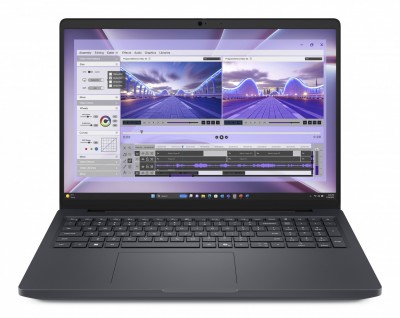 Dell H27KF Photo#2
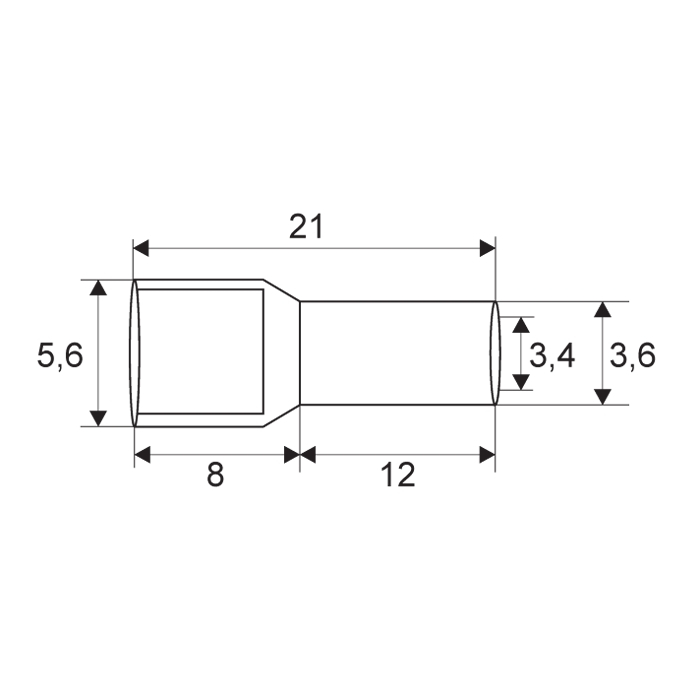 Lenjerie de pat ranforce butique (avola v1) [2]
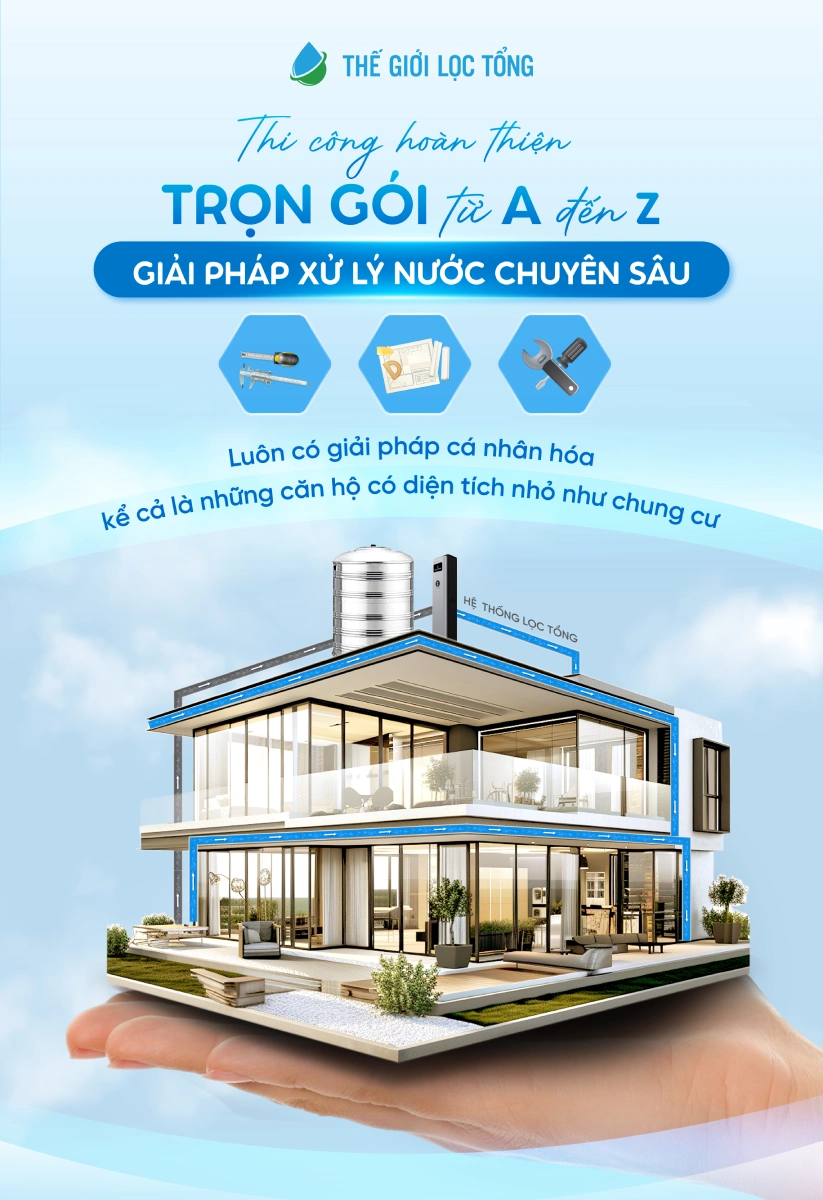 SOF-2025-01847-dich-vu-thi-cong-hoan-thien-tron-goi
● ● ●
Activity>
Strip the images and return the remaining data exactly.

Written reply>
 Dell H27KF Photo#2
 Lenjerie de pat ranforce butique (avola v1) [2]
 SOF-2025-01847-dich-vu-thi-cong-hoan-thien-tron-goi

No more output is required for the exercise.